►
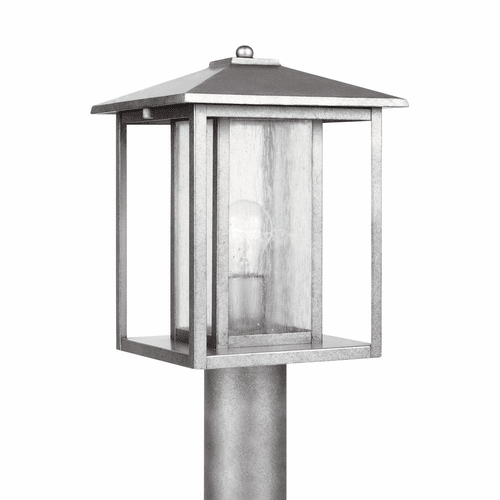 Sea Gull Hunnington 1-LT Outdoor Post Lantern - Weathered Pewter - 82027-57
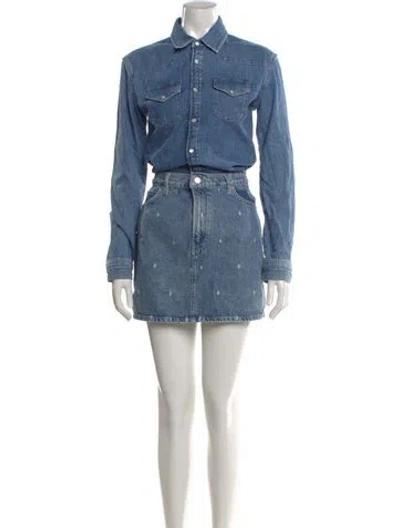 Pre-owned Maje Printed Mini Dress In Blue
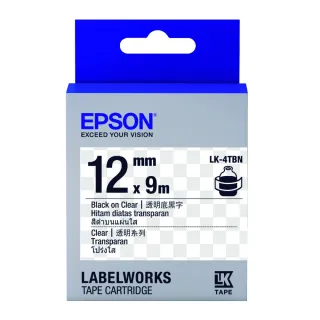 【EPSON】標籤帶 透明底黑字/12mm(LK-4TBN)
◄
EXERCISE DIRECTIONS
Quote the data above in full and without alteration; skip the pictures.

WRITTEN ANSWER
 Sea Gull Hunnington 1-LT Outdoor Post Lantern - Weathered Pewter - 82027-57
 Pre-owned Maje Printed Mini Dress In Blue
 【EPSON】標籤帶 透明底黑字/12mm(LK-4TBN)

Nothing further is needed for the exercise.